The statistic Legend brought up in his speech was popularized after the publication of The New Jim Crow by Michelle Alexander in 2011. What’s important to note about this claim, however, is that “correctional control” covers more than just those who are incarcerated. If we accept Alexander’s assertion as the truth, we also have to count people who’ve been accused of committing a crime but are waiting to be convicted or acquitted, people who are serving truncated sentences at local jails, people who are on probation, and people who are on parole. And as a 2009 report from The Pew Center on the States points out, this includes one in every 31 Americans, black or otherwise.

Still, this Pew statistic alone presents a pretty horrifying view of America’s prison system, if one remembers that this country supposedly values freedom more than anywhere else in the world. And when you do bring matters of race into the equation, things get even scarier. As Dara Lind points out at Vox, there were 872,924 black men enslaved throughout the United States in 1850. As of December, 2013, there were approximately 526,000 black men incarcerated in state and federal prisons in the U.S., or roughly three-fifths as many black men as were enslaved in 1850; this number is hauntingly tragic given that there was a time we only considered a black person to be three-fifths of an actual human being in this country.

Furthermore, Lind notes that according to 2013 numbers from the Bureau of Justice Statistics, there are 877,000 black men on probation and 280,000 black men on parole in the United States of America. And while the BJS doesn’t distinguish jail populations by race and gender, 86 percent of all 730,000 jail residents in 2013 were male and 36 percent were black, leaving an unfortunate amount of room for crossover. All in all, there 1.68 million black men under U.S. correctional control today, not including those who are in jails; this is three times as many black men as were enslaved in 1850.

And yet, something still doesn’t add up. “Here’s why [the statistics are] a bit misleading,“ writes Lind. “There are more black men (and more people, generally) in the US now than there were a century and a half ago. In 1850, there were 3.6 million African Americans in the U.S. (men and women), according to the Census; in 2010, there were 42 million. So a much larger share of the black male population was enslaved in 1850 than is under correctional control today.” The sad fact here is that the greater the population, the greater the amount of people in prison in this country, no matter what race.

However, if Legend’s words moved you (and if you’re a thinking, feeling person, then let’s hope they did), there’s no need to throw out his speech just yet. The incarceration rate in America today is off the charts, and the prison-industrial complex is legitimately terrifying, as the number of black men locked up in this country today is grotesquely disproportionate.

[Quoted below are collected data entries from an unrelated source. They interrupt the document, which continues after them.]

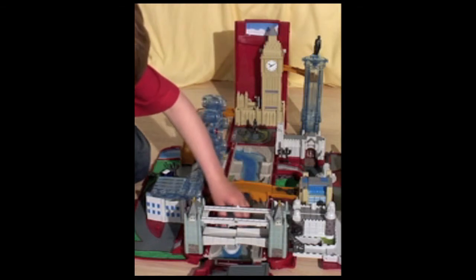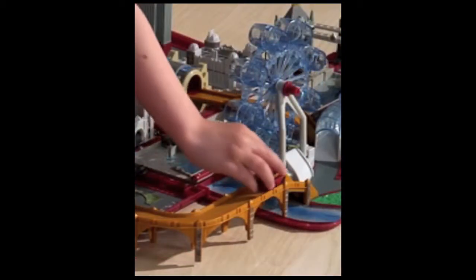There's even a mini London bus. And when you've finished, it all folds away. Perfect for imaginative minds.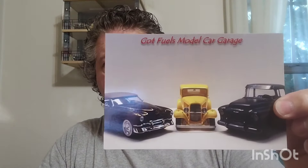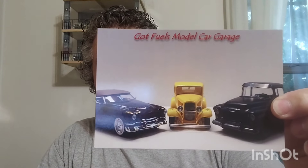I got to meet Brian Burwell - I've met him before and talked to him, but I got one of Brian Burwell's Got Fuels Model Cars shop cards. His information will be linked in the description below.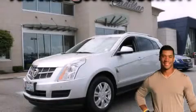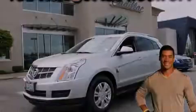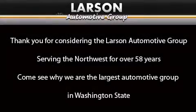Call now to find out how you can own this breathtaking vehicle. Thank you for considering the Larson Automotive Group, serving the Northwest for over 58 years. Come see why we are the largest automotive group in Washington State.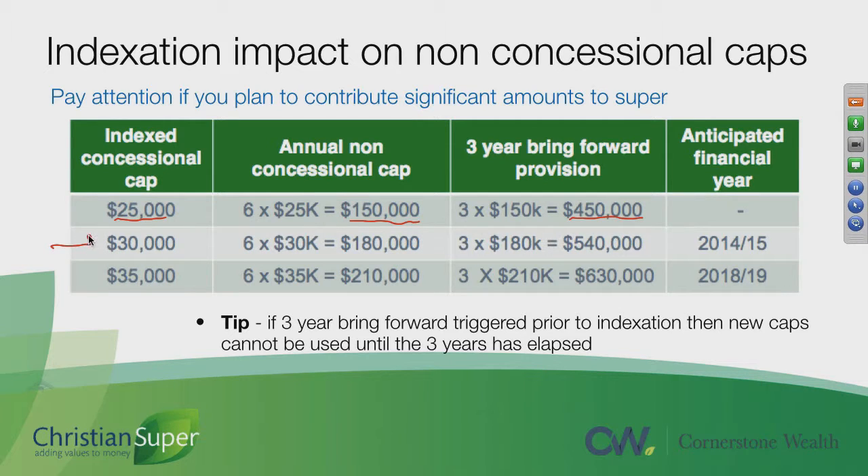We're currently at the stage where the standard concessional contribution cap is $30,000. Six times that is $180,000, which means at the moment in any one financial year you can put in up to $540,000, but then you're prevented from putting any further non-concessional contributions in for three financial years.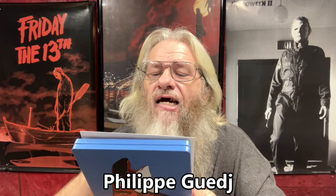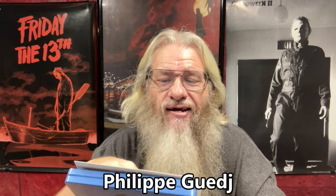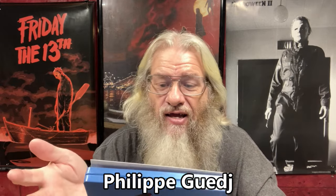As far as bonus features, pretty skimpy - they only have one thing here. It's an interview with Philippe - I'm not even going to attempt to pronounce the last name, it's spelled G-U-E-D-J. He's a French guy, so he speaks French and it's all subtitled to read. I forget how long it was, I think around 20 minutes. I actually did watch the interview - it had some interesting stuff in it. I'm not a big interview guy, but I did check it out and it's pretty interesting.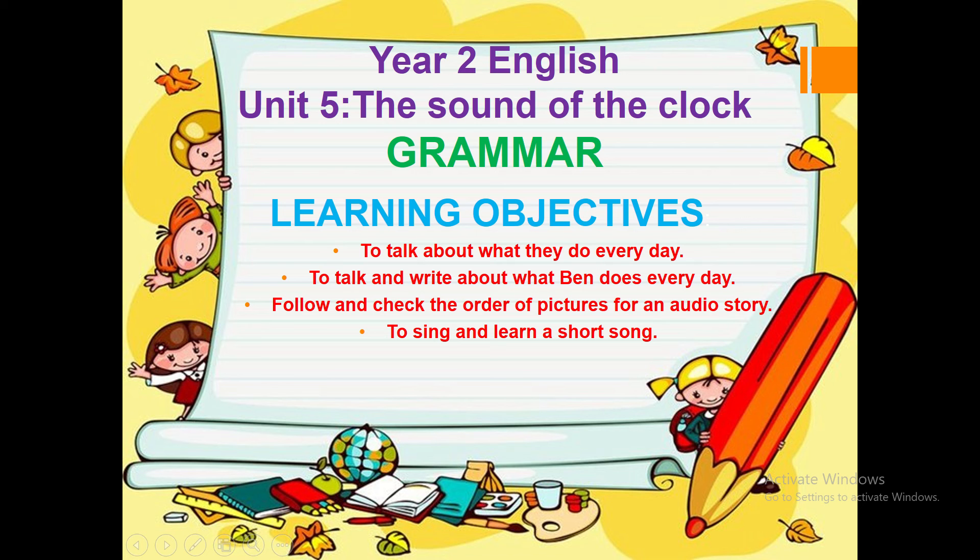Hello Year 2s and welcome to a new lesson. Today we will focus on some grammar. You will need Unit 5, The Sound of the Clock. Our learning objectives are: to talk about what they do every day, to talk and write about what Ben does every day, to follow and check the order of pictures from an audio story, and to listen and learn a short song.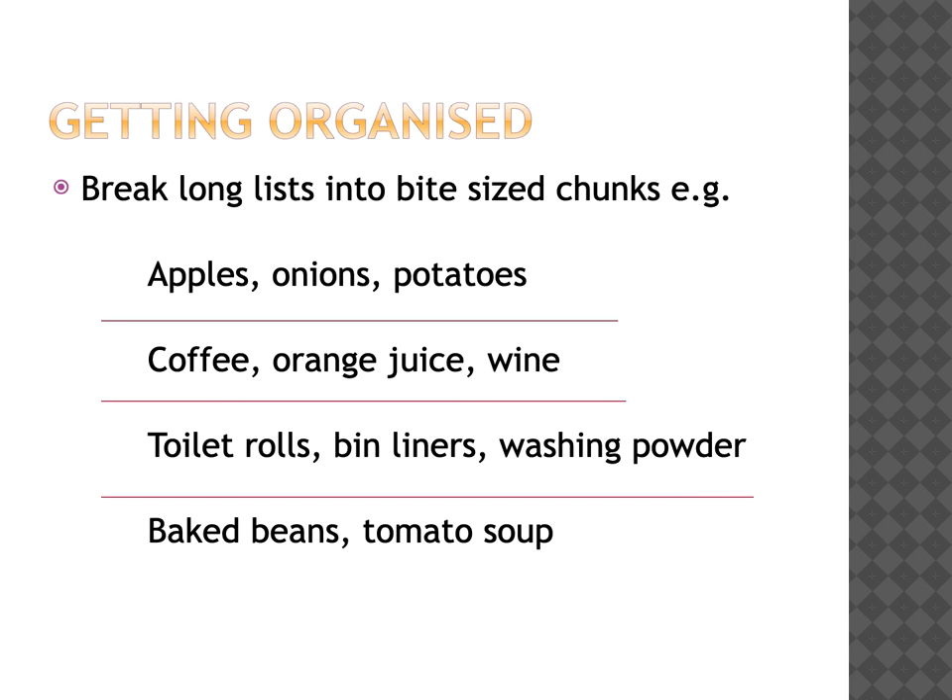Another useful technique is to get anything you need to remember organised. Break long lists of things that you might need from the shop down into bite-sized chunks. This is an example of a shopping list that's broken down into fruits and vegetables, drinks, household cleaning, and tinned items.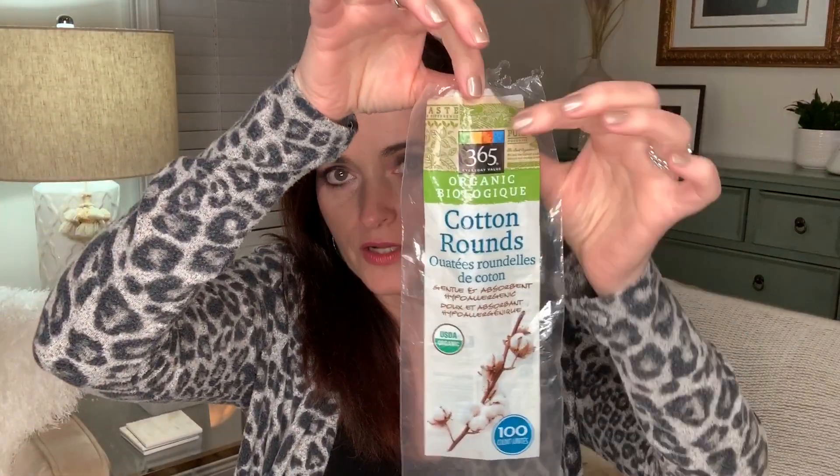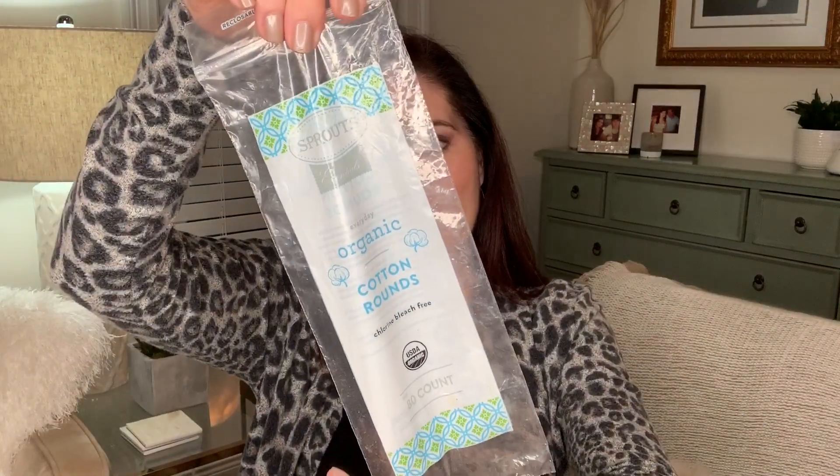I do have some empty packages in here — things I think I haven't shown you before. The organic cotton rounds — this is the Whole Foods brand. Cotton is a dirty, dirty crop, so I like to buy organic not only for the benefit of the cotton farmers but also for myself, because these are things we're using and saturating and putting on our face. This is a sheet mask from Pacifica — always fun. Another bag of organic cotton rounds from Sprouts — so easy to find. You can find them at Target too, but pay attention: you always want to look for the USDA certified organic symbol, not simply 'made with organic cotton' or 'bleach free.'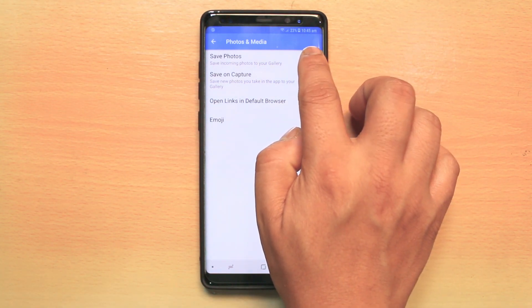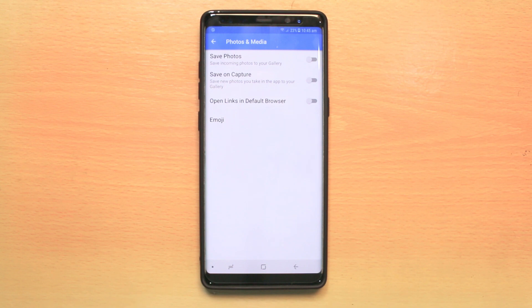What I will do is I will disable it, and then Facebook Messenger won't save the photos to the photo gallery. It will be just in the Messenger only.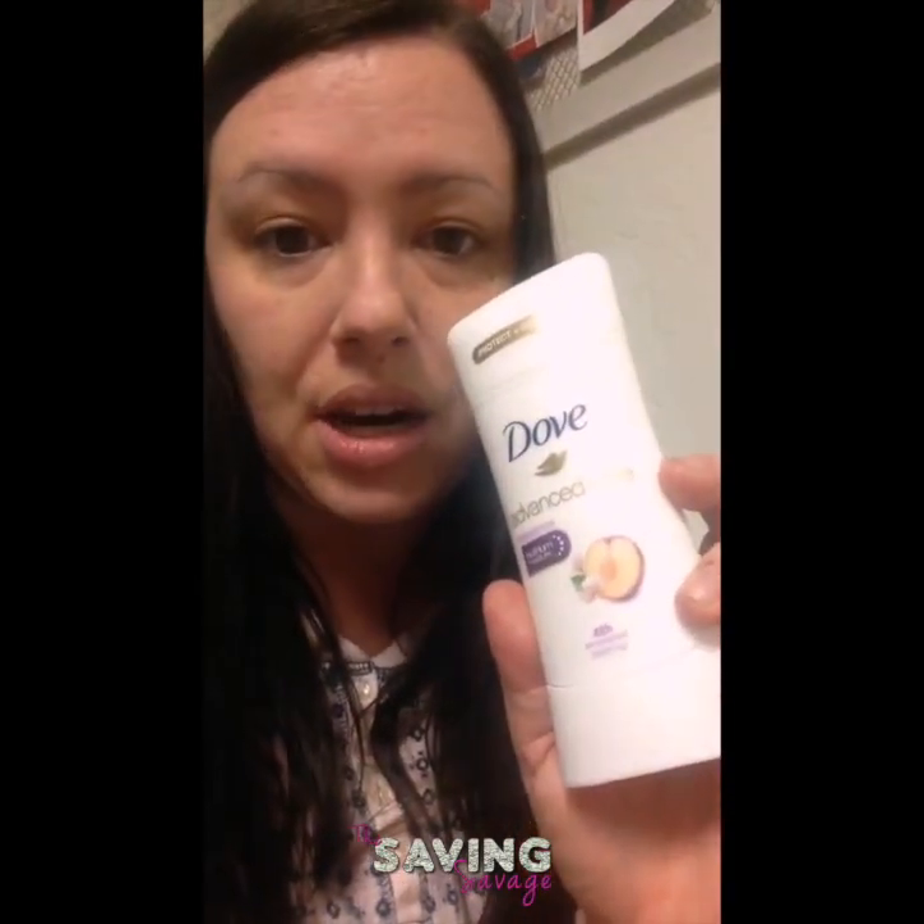Hey everyone, it's Amber from The Saving Savage. I just wanted to stop by in my PJs and tell you guys about this great deal on Dove Advanced Care right now at Walmart.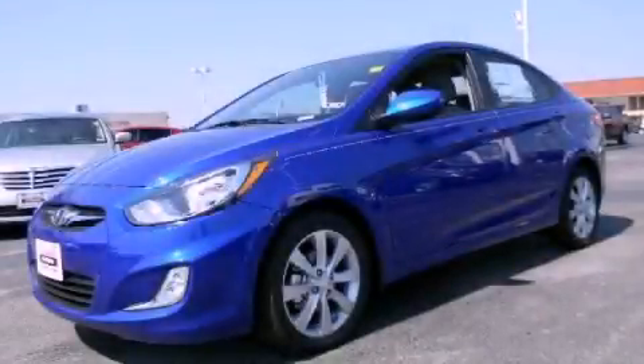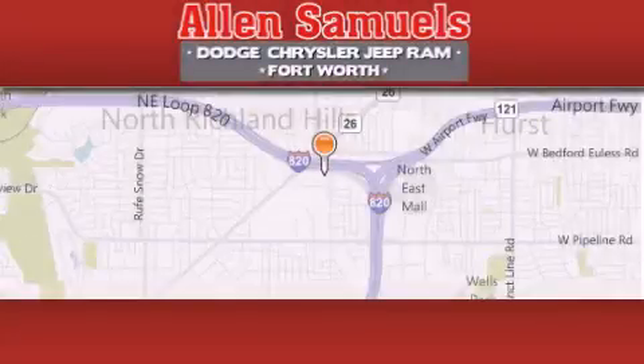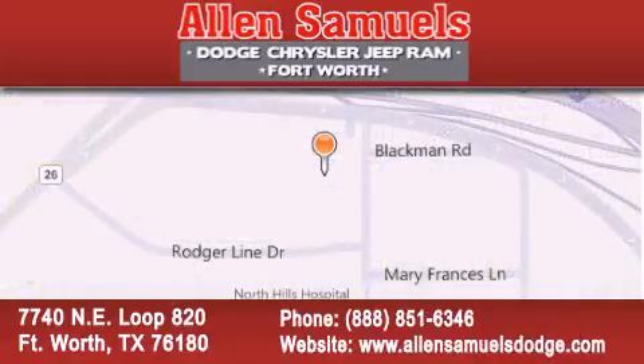Contact us today and schedule your opportunity to see this automobile in person. Allen Samuels Dodge Hyundai is located at 7740 NE Loop 820 in Fort Worth. Our goal is to exceed all of your expectations to ensure that you will return for future visits.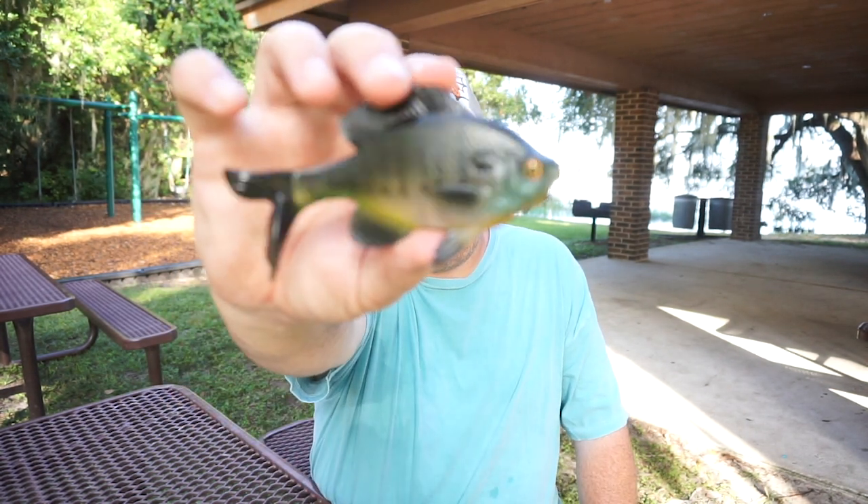Good morning and welcome back. Hope you're having a blessed day. Today we're going to take a closer look at the 13 Fishing Coalition Baits Bluegill.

Let’s start with that last part. According to a report from The Sentencing Project published in 2013, one in three black men in this country will go to prison in their lifetime. Meanwhile, a report from The Hamilton Project finds that 70 percent of black men who didn’t finish high school between the years of 1975 and 1979 have been to prison. That’s 53 percent higher than the amount of white men that didn’t finish high school during the same period. In their research, The Hamilton Project also determined that right now, a black child whose father didn’t finish high school has a 50 percent chance of seeing him incarcerated by the time they turn 14.

Why is this the case? A lot of it has to do with United State’s truly inane sentencing laws. Consider that in America, sentences for burglary are three times longer than they are in England.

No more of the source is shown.